A child can qualify for Social Security benefits if their parent is receiving Social Security retirement or disability benefits (SSDI), or was entitled to one of these benefits before they died. These benefits are based on the Social Security record of the parent and are referred to as auxiliary benefits, or dependents benefits.
This can effect child support in different ways.
In North Carolina, the amount that the child receives is added to the income of the parent who is retired or disabled. From there, the child support guidelines are calculated as they normally would be.

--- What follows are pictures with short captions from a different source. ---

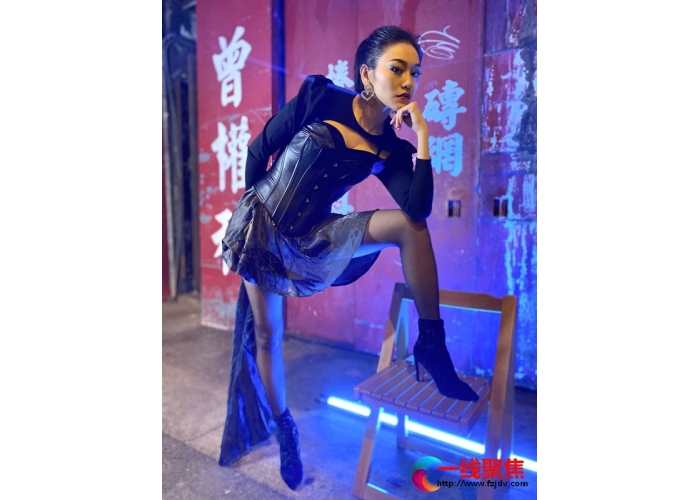 跳唱组合Bingo成员Carman（关嘉敏）拍MV重现金曲经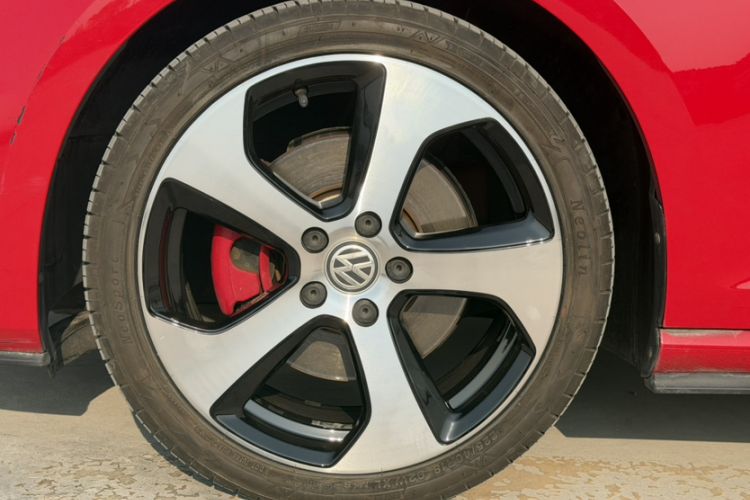 Used Volkswagen Golf GTI 2016 2.0 TSI GTI Exterior 6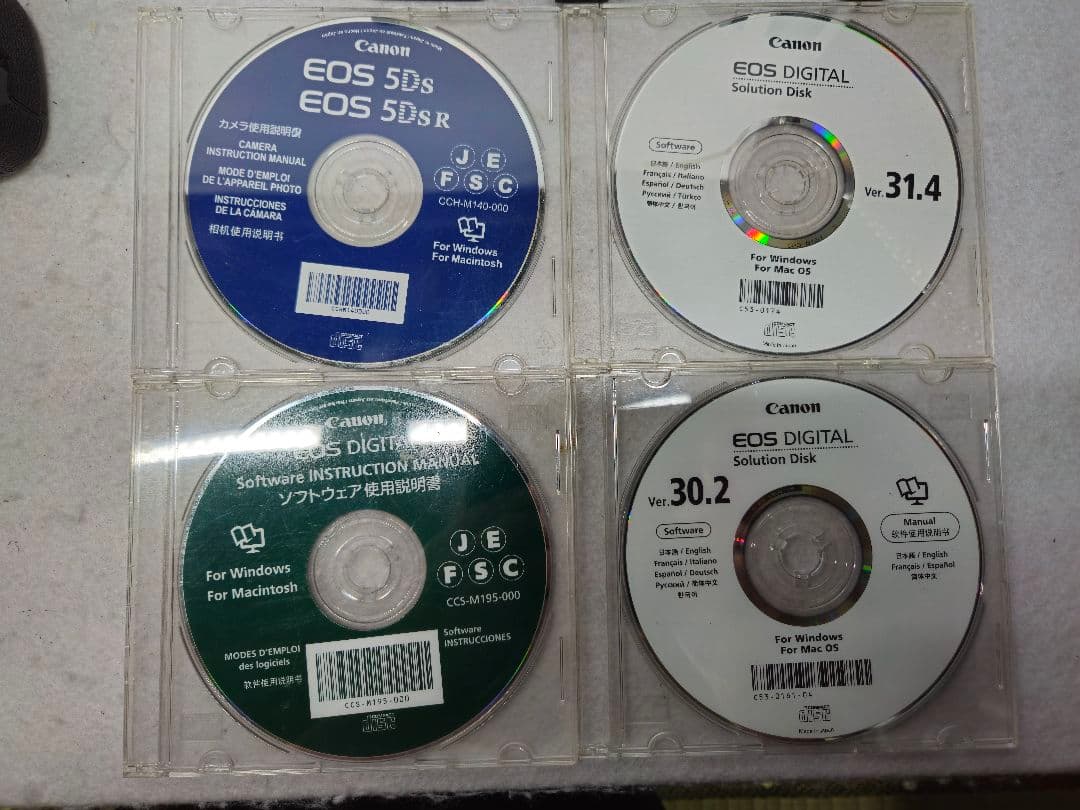 Canon EOS 5Ds R ＋ 300mmズームレンズ付属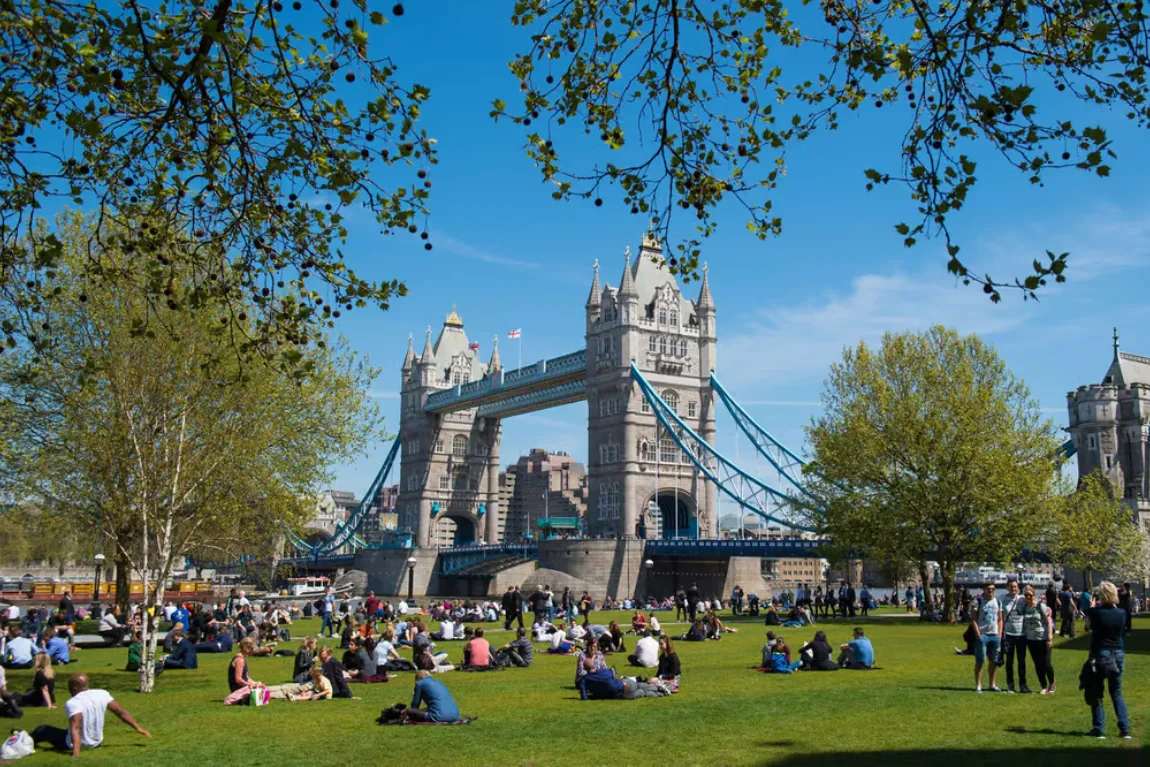 Ánh nắng xuân dịu ấm giúp London hiện lên rạng rỡ và đầy tinh khôi.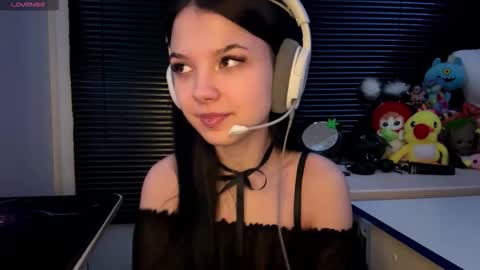 Snapshot of roxiepiurkowski chatting on November 28, 3:25 pm Hana online show from November 28, 3:25 pm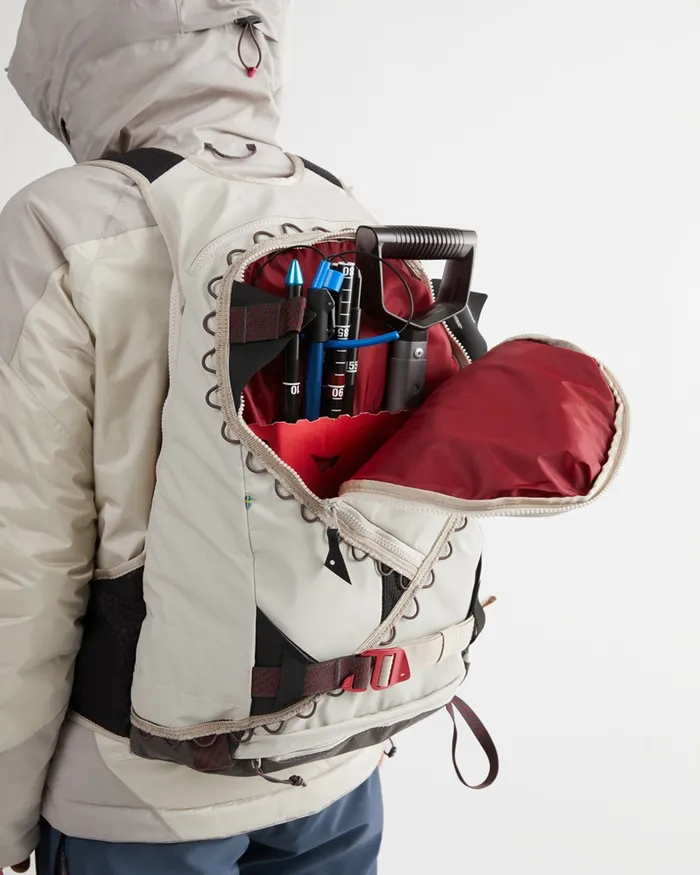Jkull Ski Touring Backpack 18L Rose Red MenWomen Klttermusen SingleDay Backpacks 1832l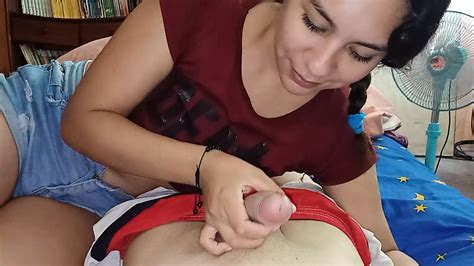 MEINE HEIßE MILF STIEFMUTTER MIT DICKEM ARSCH VERFÜHRT MICH WÄHREND ICH MICH HINGELEGT HABE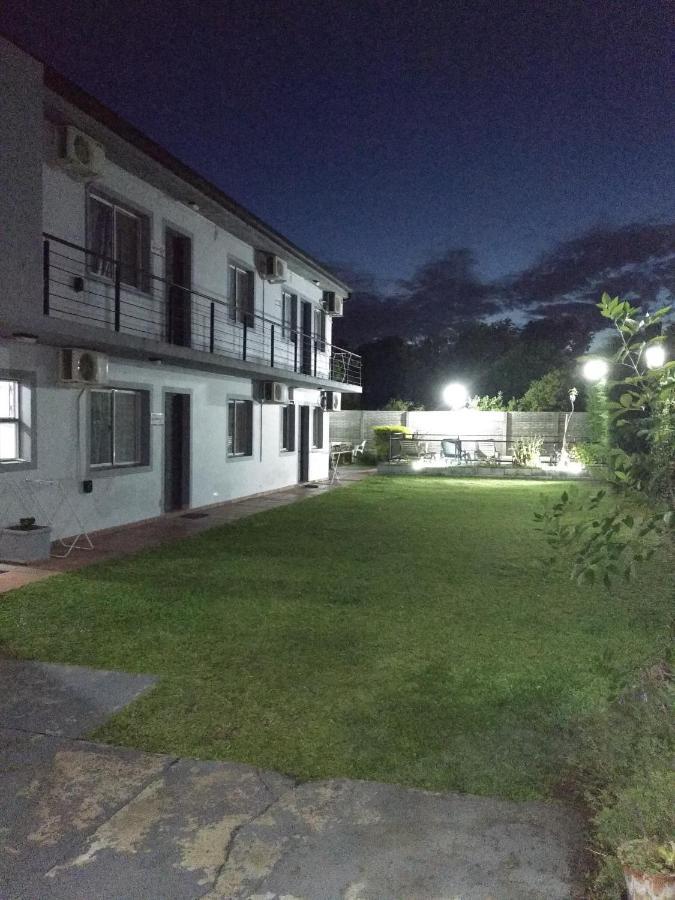 Aparthotel Bungalows Yo Ju Colón Exterior foto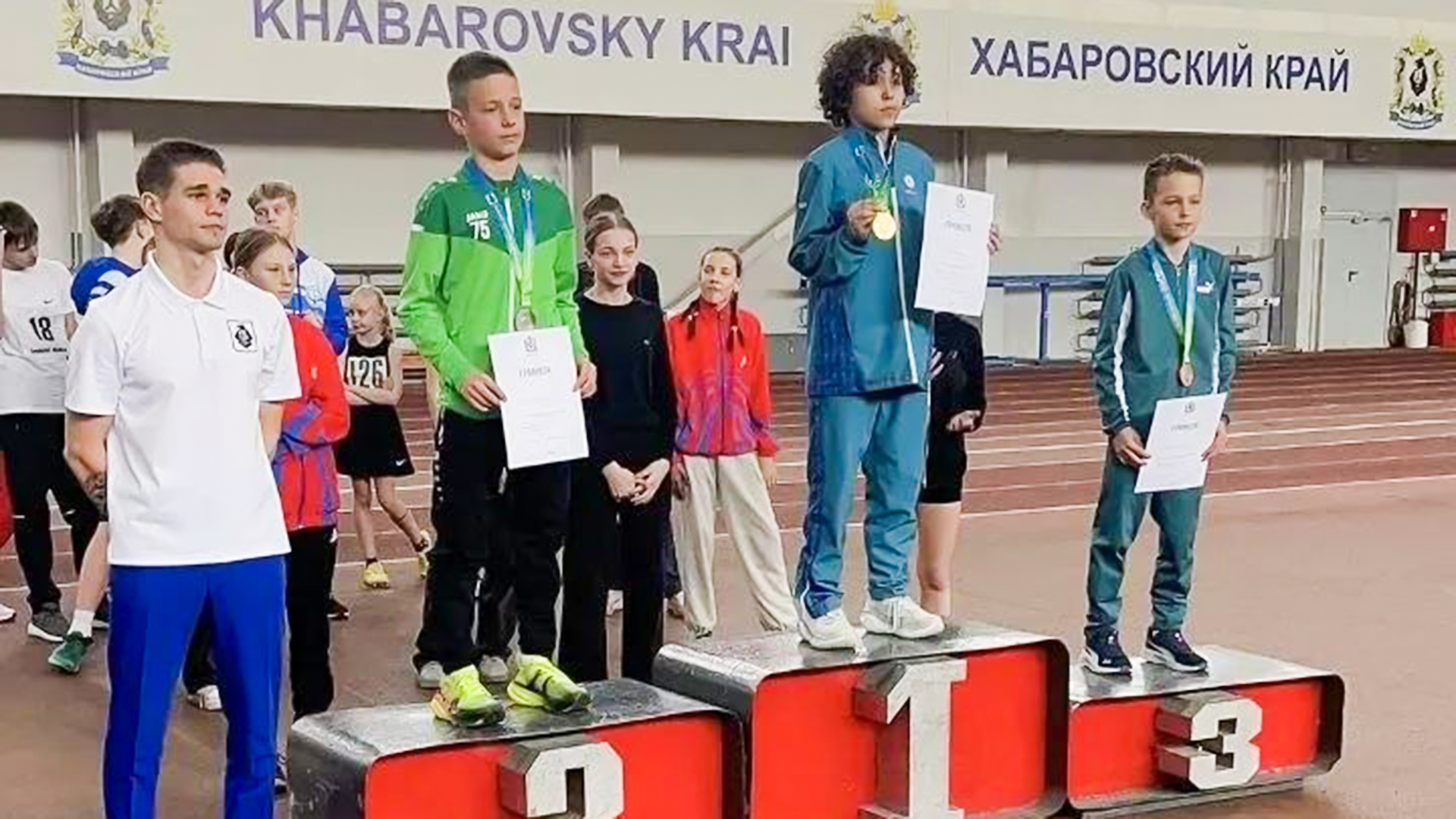 Комсомольские легкоатлеты напрыгали и набегали на медали дальневосточных стартов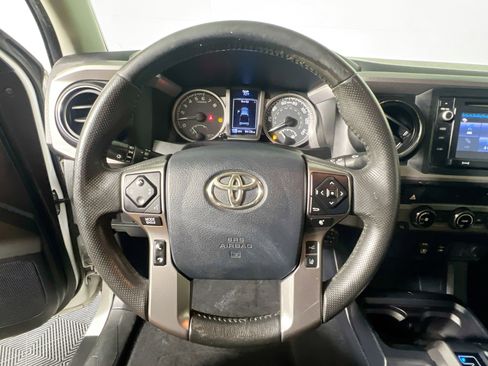 Used 2018 Toyota Tacoma SR5 image 17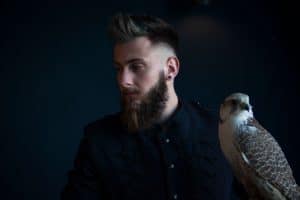 Herren Model mit Adler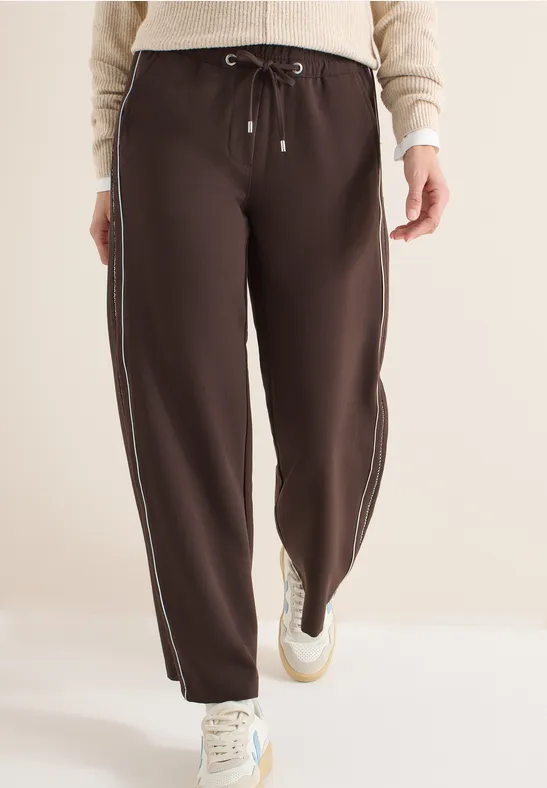 Broek met tapijtstrepen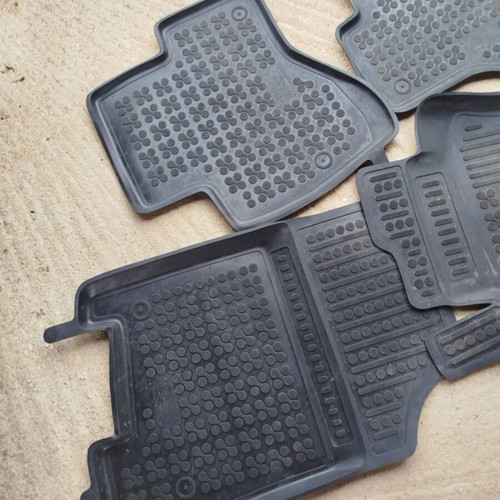 Rezaw-plast Car Floor Mats like new for Toyota Aygo 2008-2014, Peugeot 107, Citroen C1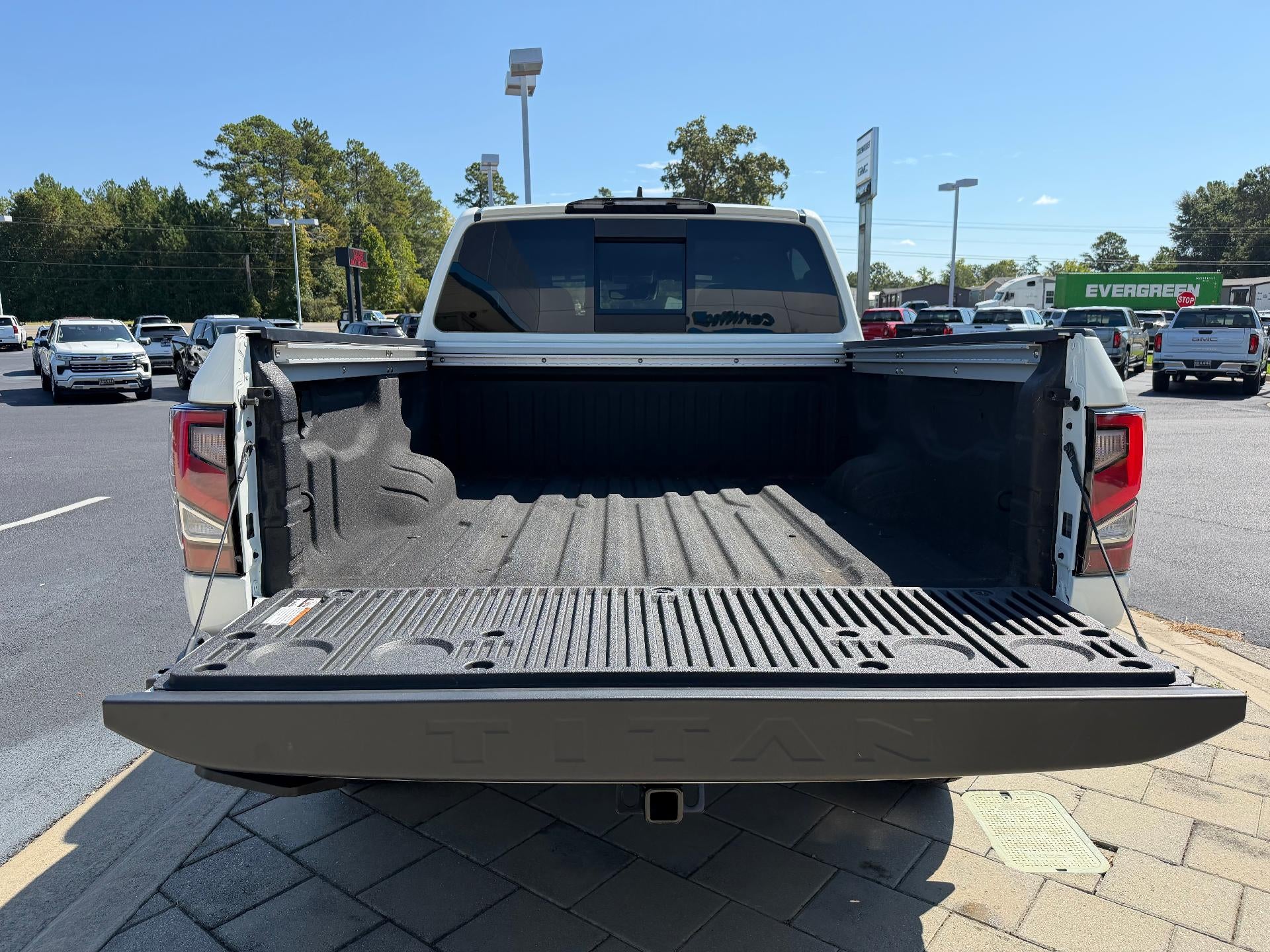 2024 Nissan TITAN Crew Cab PRO-4X 4x4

However, the retired or disabled parent gets to credit the actual payment received by the child towards their child support obligation.
If the retired or disabled parent also has custody of the child and the amount the child receives exceeds that parent’s obligation, then the parent without custody may seek to have the Court deviate from the guidelines or offset their own obligation.
If the amount received by the child exceeds the combined obligation of both parents, then the Court should not enter a child support order.
If the retired or disabled parent does NOT have custody of the child and the amount the child receives exceeds the retired or disabled parent’s support obligation, then the Court should not enter a child support order. The non-custodial parent does not get any of the excess payment refunded to them. If the amount the child receives is less than the non-custodial parents obligation, then the non-custodial parent must make up the difference.
Is that fair? Probably not. A surplus goes to the custodial parent, while a deficit is charged to the non-custodial parent. You can only hope the money is used for its intended purpose.